One of the great joys of Paleolithic archaeology is studying the history of its scholars. There are just so many unexpected and delightful connections between researchers. And while the study of advisor-student “lineages” is interesting in its own right, it is also illuminating in regards to why present-day researchers hold particular theoretical perspectives. This sort of insight can then applied to the self for understanding one’s own biases. In 10 or 15 years time, I may one day write here my reflections on my own archaeological lineage. My advisors have certainly left their methodological and theoretical signature on my approach to the discipline.

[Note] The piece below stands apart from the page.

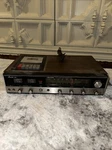 Realistic Modulette 929 Vintage Am/fm Stereo Cassette No. 14-877. Fixed Price $120.00.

Given my deep interests in the history of Paleolithic archaeology (especially American and British), I was quite excited when, after giving a lecture at the University of Cambridge, I stumbled across a small display at the Cambridge Archaeology Museum about Miles Burkitt. Despite the exhibition glass, I managed to snap a shot of this classic image of Burkitt (left) and the Reverend Neville Jones (right) in Bulawayo (Zimbabwe) in 1927 examining a stone tool.“Our buried human history all about us is, in comparison with that of the Roman period, sublime beyond conception; sublime in its extension into past time; sublime in that it takes us through profound physical mutations of the world itself; sublime in that it reveals the origin and progress of man from out a wondrous past; sublime in that reveals to us the process of man’s creation; the making of man in some aspects in the image of Him the Divine Maker, in that man reflects, anticipates, creates. Neither motor cars nor tours are needed when our eyes are open to see that our feet thrust aside the letters and figures in that history upon our graveled paths, and that they are crushed to untranslatable dust upon our graveled-metalled roads. Man grows bigger in the greatness of his being, in proportion with the openness of his eyes, and mind, and soul. Closed eyes and mind are truly a soul made blind” (Smith 1926: 99).
Smith, Frederick. 1926. Prehistoric Man and the Cambridge Gravels. Cambridge: W. Heffer and Sons Limited.